Before you make the TULIP your flower of choice, consider it in full bloom.
TULIP is used acronymically to succinctly point out the major emphases of Calvinism. I well understand that the use of the TULIP does not fully illustrate the depth and breadth of Calvinism. I do understand that some believe the acronym has outlived its usefulness. However, it still enjoys ubiquitous usage among Calvinists and non-Calvinists alike. I find this to be particularly true among those seeking to explain Calvinism to people who may demonstrate some interest in understanding Calvinism or as a simple tool to convince young people of its biblical and systematic cogency. I am not considering this acronym in order to either portray Calvinism simplistically or inaccurately. Rather, I use it in the manner described by Roger Nicole when he said, “the five points provide a classic framework which is quite well adapted for the expression of certain distinguishing emphases of Calvinism.” ((David N. Steele and Curtis C. Thomas, The Five Points of Calvinism: Defined, Defended, Documented from the preface written by Roger Nicole (Phillipsburg, NJ: Presbyterian & Reformed Publishing Co, 1963), 7.))
Now admittedly, I do want to call attention to some of the frequently elided essentials of the TULIP in order to augment our understanding. To wit, I wish to not only consider the petals but the sepals (leaves) as well, so to speak. I consider these lesser known beliefs, premises, and entailments to be biblically unsustainable and therefore crippling to the more palatably related beliefs demonstrated by the TULIP.
First, I will give the normal understanding communicated by Calvinists, which will be in italics. Second, I will include some of these infrequently presented and therefore less known beliefs and entailments associated each particular petal.
1. Total Depravity: The whole of man’s being is corrupted by sin and therefore incapable of doing any eternal spiritual good.
Calvinism’s understanding of total depravity includes a compatibilist view of human nature, unconditional election, and limited and selective regeneration. This means that the only interpretive option that Calvinism permits for God to be able to redeem such a compatibly defined totally depraved person is that God must give him a new nature, which He is pleased to do only for the limited unconditionally elect; thereby, guarantying their subsequent free exercise of faith.

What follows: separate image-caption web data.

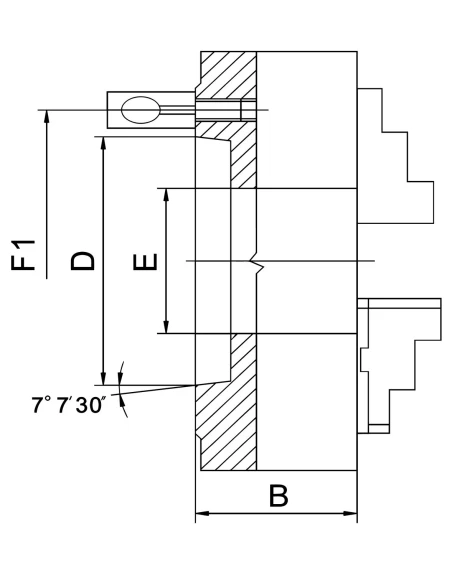 Universal de precizie cu 3 bacuri PO3-200/D6 BISON Polonia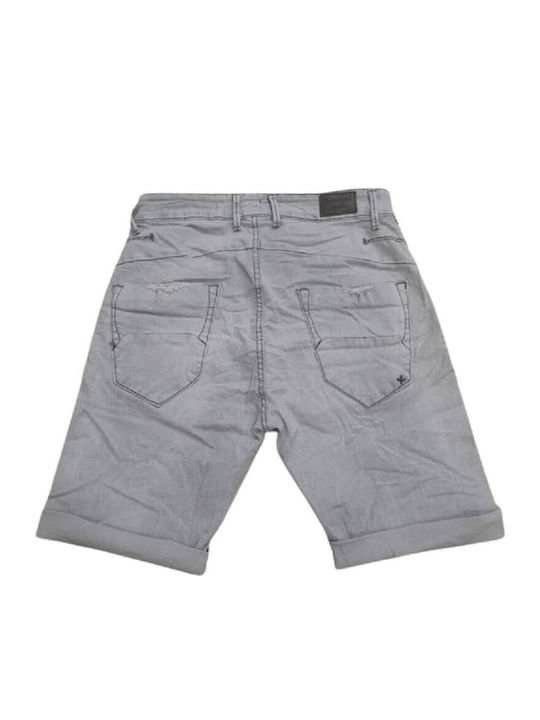 Damaged Denim Short Pants Db31d Grey Grey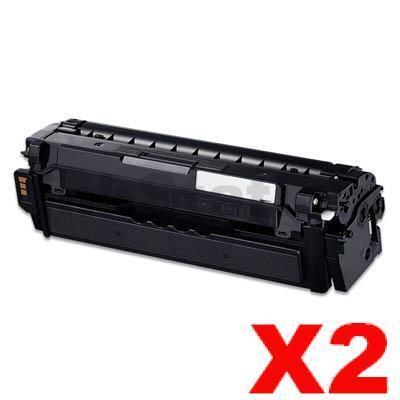2 x Compatible Samsung SLC2620 SLC2670 SLC2680 Black Toner Cartridge SU169A CLT-K505L - 6,000 pages [CLTK505L K505]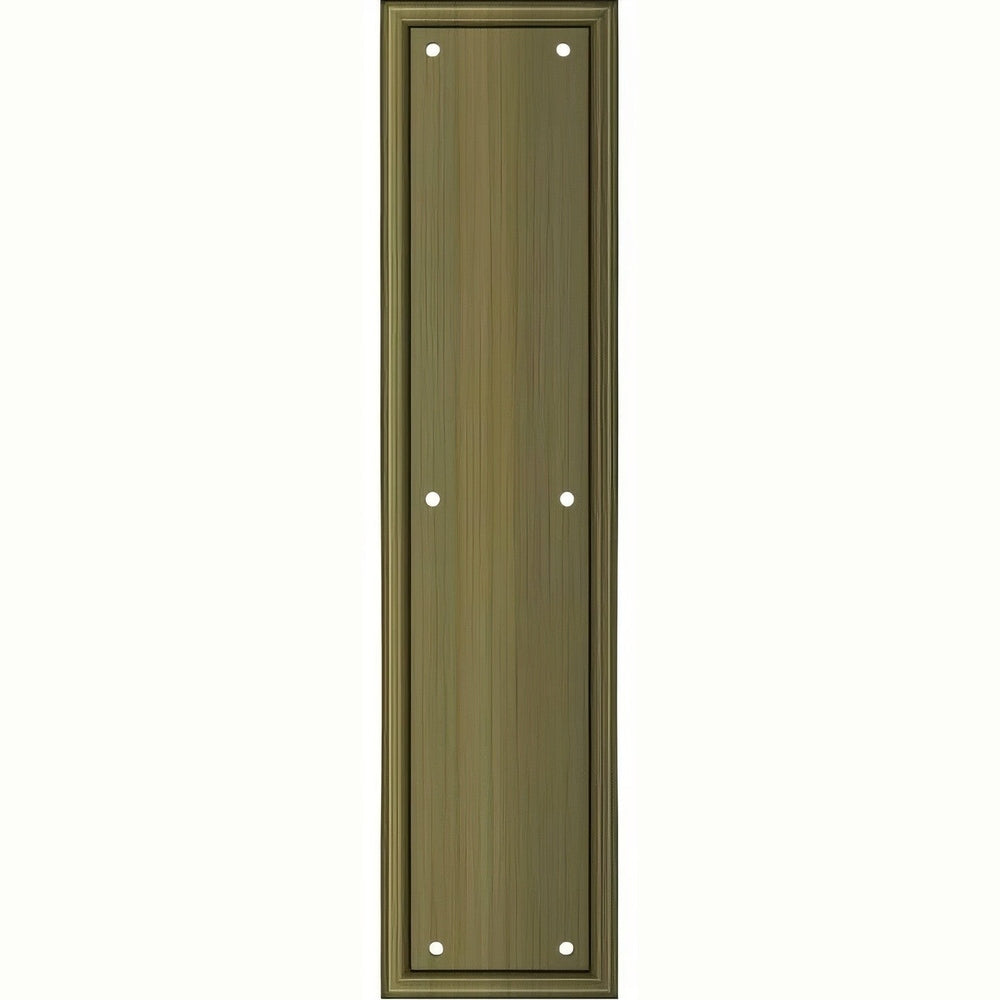 Deltana PP2280U5 antique brass push plate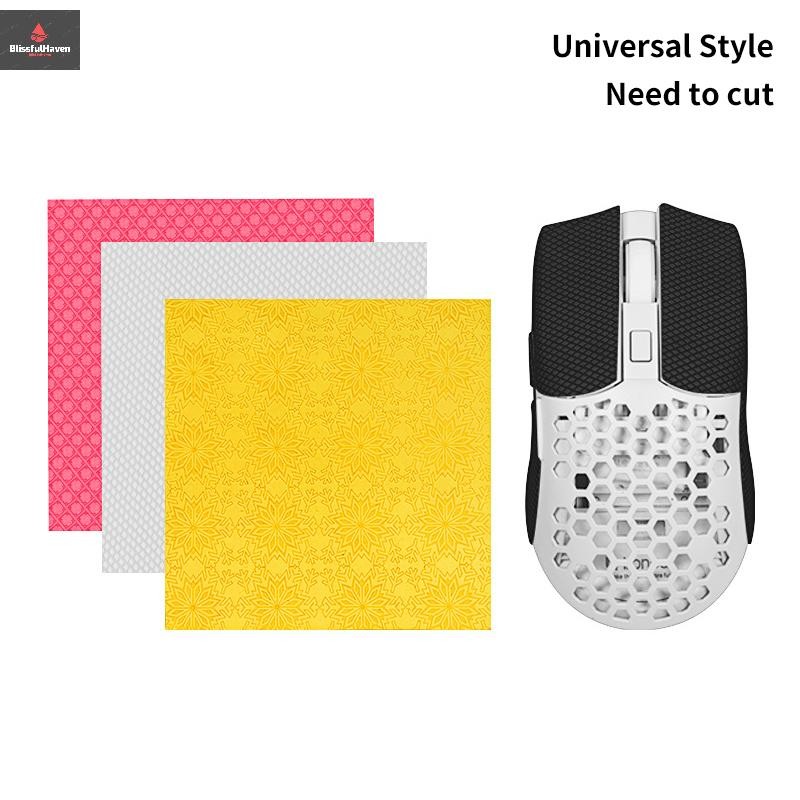 Cod 12*11 ซม.DIY Anti-Slip Universal สไตล์สติกเกอร์เมาส์สําหรับเล่นเกมไร้สาย Sweat-Proof Mouse Grip เทปทนต่อการสึกหรอ PC Desktop แล็ปท็อปใหม่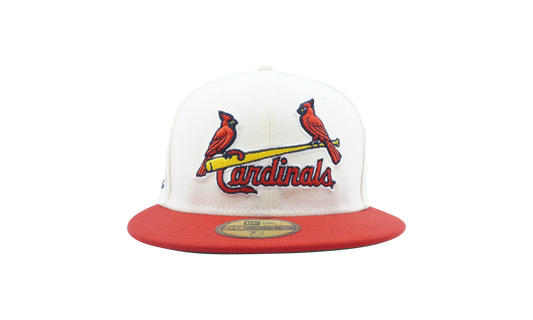 59FIFTY St. Louis Cardinals 125th Anniversary Fitted Hat "Cream / Red - Brim" NE1062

Viewing man from a compatibilist perspective means that while fallen man freely chooses to sin, he cannot freely choose to believe in the gospel unless God gives him a new nature which assures that he will freely choose to exercise faith in Christ; however, in either state, man cannot choose to do otherwise than he did in fact choose because while freely choosing, he has no salvific choice.
Further, defining man compatibly necessitates that while God is not the efficient cause of man’s depravity, He did in fact desire it. This is evidenced by His choice to create man with a compatibilist free will, which guaranteed by design that Adam would freely choose (be the efficient cause) to sin, and equally assured that he could not have done otherwise than what he did in fact do. To wit, if God would have desired that man not sin, he would have given him a different nature. Moreover, the use of the word “desire” as a deterministic desire in Calvinism is essentially dissimilar to other perspectives that believe God always desired man to choose holiness, a desire which permitted man to choose unholiness and comprehended that he would so choose.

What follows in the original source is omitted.